**Required action:** Leaving the pictures aside, repeat every line below exactly.

**Provided data:**
Segment Open
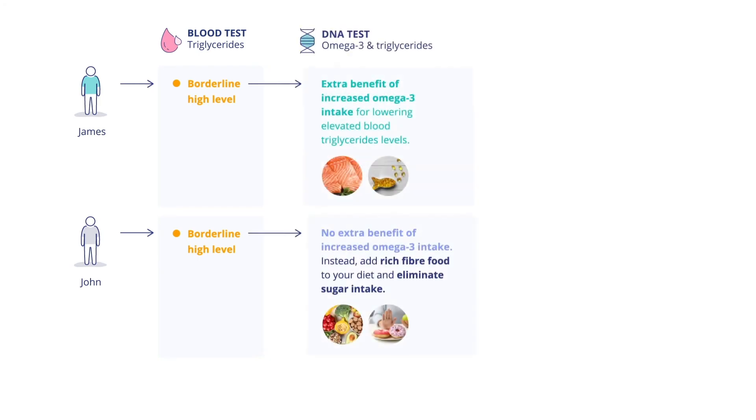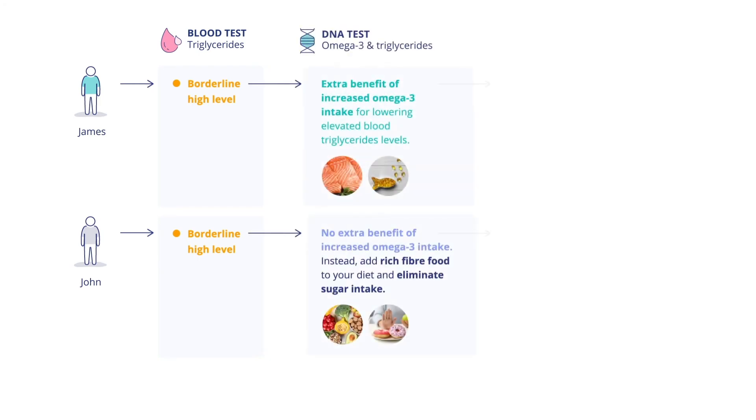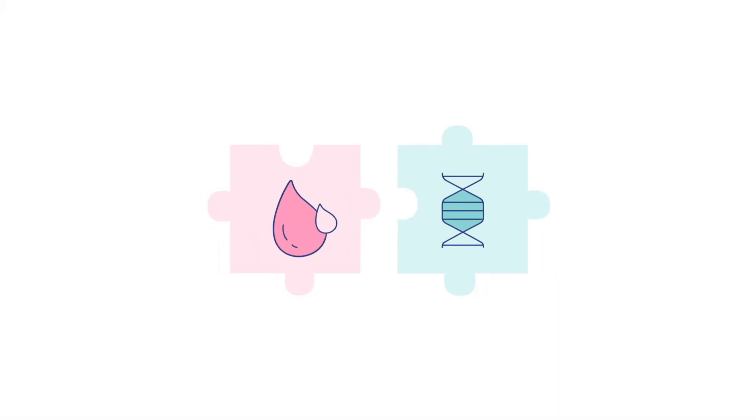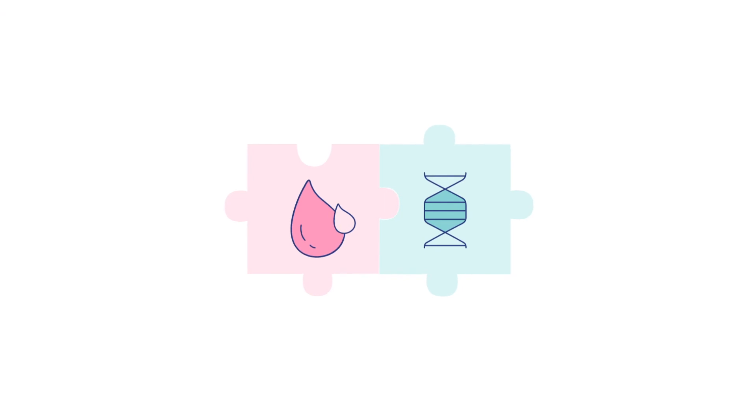With a DNA test, you've learned that based on your genes, omega-3 fatty acids can help you lower your triglycerides. Armed with this information, you can add fatty fish or supplements to your diet and improve your blood results easier, faster and more efficiently. So, improving or maintaining health is much easier if you know how your body is most likely to respond or function. That is why a DNA and blood test are the perfect combination.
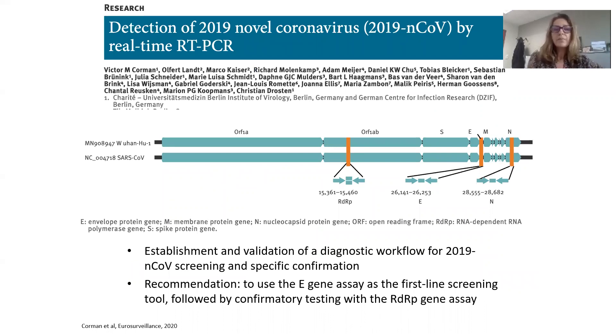Very rapidly, a German team from Berlin, Hôpital La Charité, developed real-time RT-PCR to detect this novel coronavirus. They established and validated a diagnostic workflow for virus screening and specific confirmation. They developed several primers and probes to amplify different regions: the N-gene, the E-gene, and the polymerase region. The recommendation was to use the E-gene assay as a first-line screening tool, followed by confirmatory testing with the polymerase gene assay.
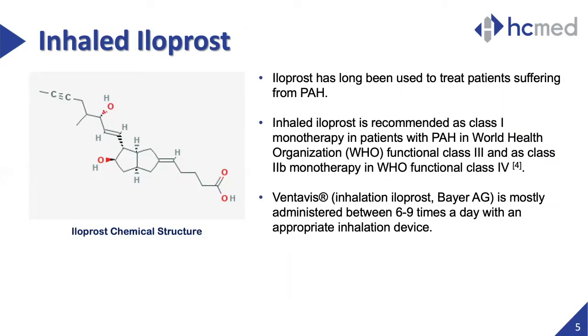Inhaled iloprost has long been used in the treatment of PAH. This compound is a synthetic analog of prostacyclin, which has effects on dilating blood vessels. Iloprost is recommended by the World Health Organization as monotherapy in patients with functional class III. Ventavis, the trade name of iloprost for inhalation, is usually prescribed to be administered between six to nine times a day with an appropriate nebulizer.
Segment Closed
**Written response:**
With a DNA test, you've learned that based on your genes, omega-3 fatty acids can help you lower your triglycerides. Armed with this information, you can add fatty fish or supplements to your diet and improve your blood results easier, faster and more efficiently. So, improving or maintaining health is much easier if you know how your body is most likely to respond or function. That is why a DNA and blood test are the perfect combination.
Very rapidly, a German team from Berlin, Hôpital La Charité, developed real-time RT-PCR to detect this novel coronavirus. They established and validated a diagnostic workflow for virus screening and specific confirmation. They developed several primers and probes to amplify different regions: the N-gene, the E-gene, and the polymerase region. The recommendation was to use the E-gene assay as a first-line screening tool, followed by confirmatory testing with the polymerase gene assay.
Inhaled iloprost has long been used in the treatment of PAH. This compound is a synthetic analog of prostacyclin, which has effects on dilating blood vessels. Iloprost is recommended by the World Health Organization as monotherapy in patients with functional class III. Ventavis, the trade name of iloprost for inhalation, is usually prescribed to be administered between six to nine times a day with an appropriate nebulizer.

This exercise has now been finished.